(Data provided begins)

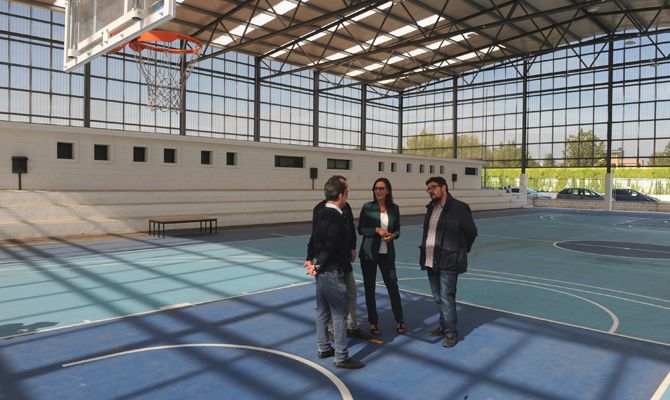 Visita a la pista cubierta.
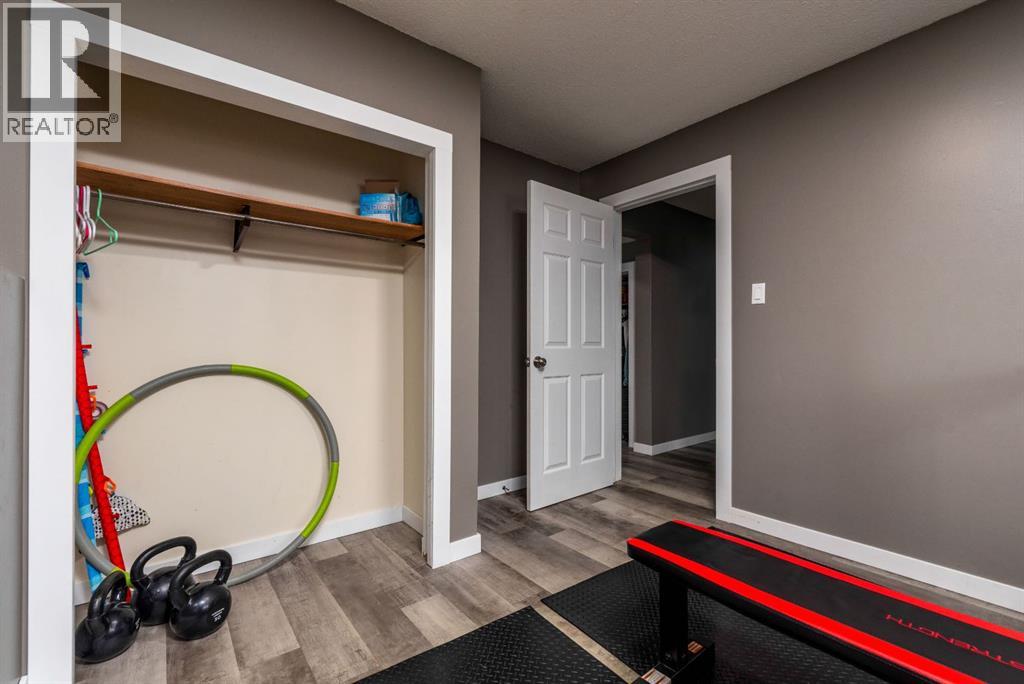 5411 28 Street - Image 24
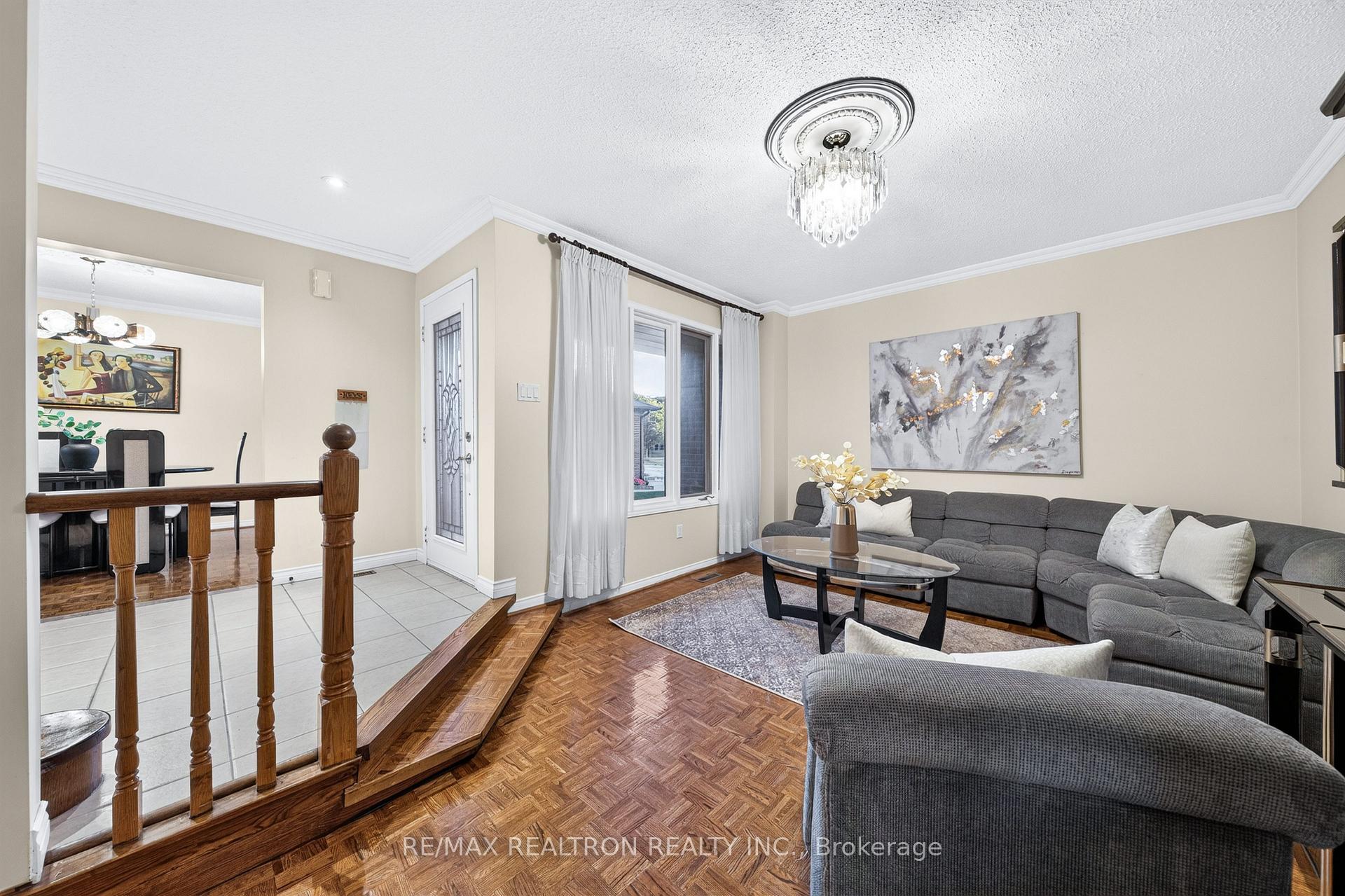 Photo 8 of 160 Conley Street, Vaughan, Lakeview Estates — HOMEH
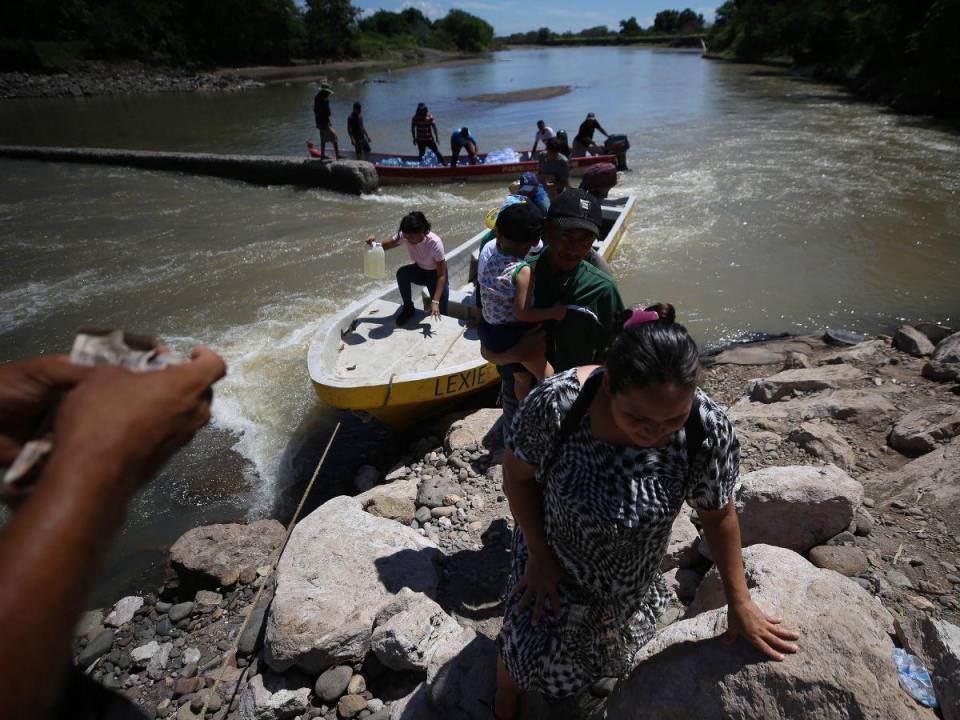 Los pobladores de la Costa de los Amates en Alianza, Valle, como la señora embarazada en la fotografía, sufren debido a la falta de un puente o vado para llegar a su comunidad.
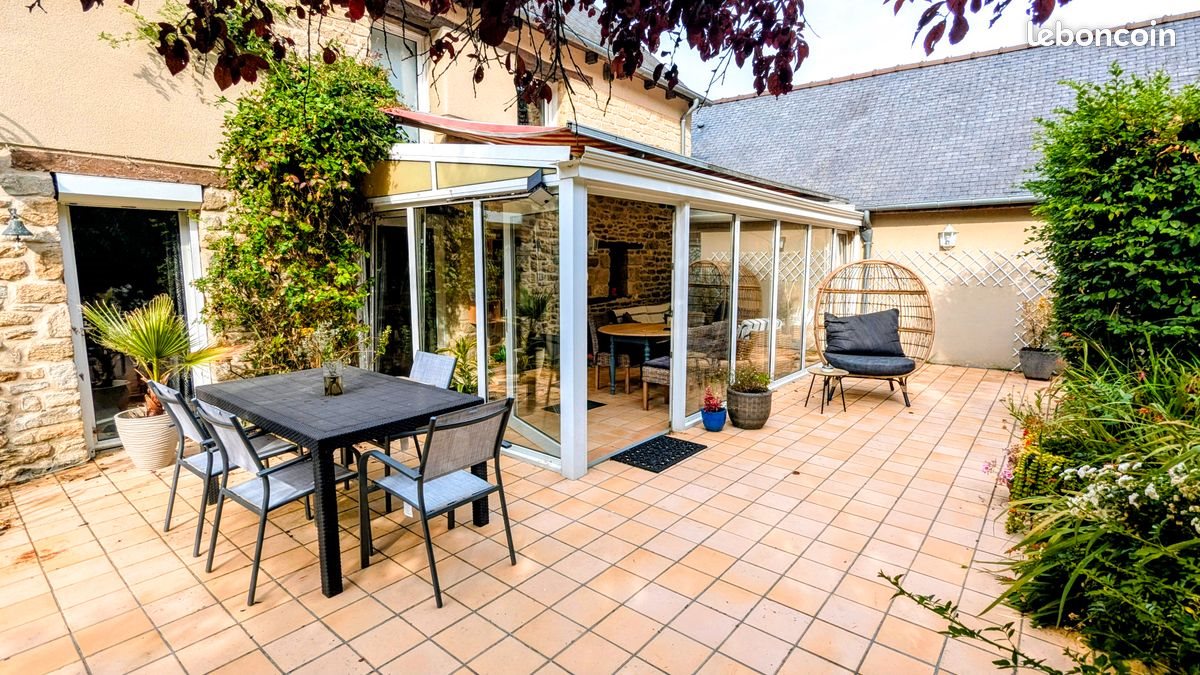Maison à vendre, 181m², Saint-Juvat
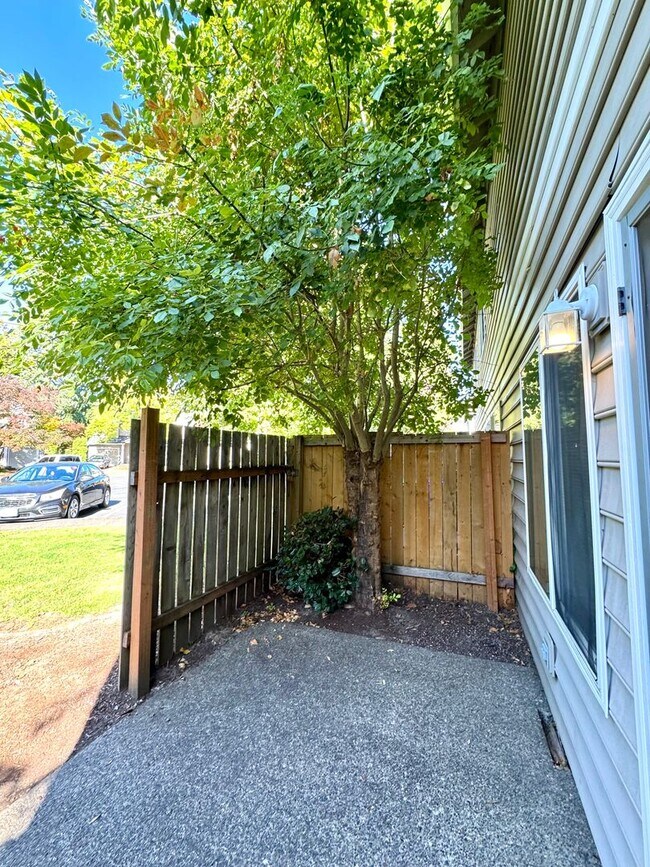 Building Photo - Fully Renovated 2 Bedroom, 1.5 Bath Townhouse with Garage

(Data provided ends)

[Task prompt]
Copy each line of the listing exactly, skipping any picture.

[Result for this exercise]
 Visita a la pista cubierta.
 5411 28 Street - Image 24
 Photo 8 of 160 Conley Street, Vaughan, Lakeview Estates — HOMEH
 Los pobladores de la Costa de los Amates en Alianza, Valle, como la señora embarazada en la fotografía, sufren debido a la falta de un puente o vado para llegar a su comunidad.
Maison à vendre, 181m², Saint-Juvat
 Building Photo - Fully Renovated 2 Bedroom, 1.5 Bath Townhouse with Garage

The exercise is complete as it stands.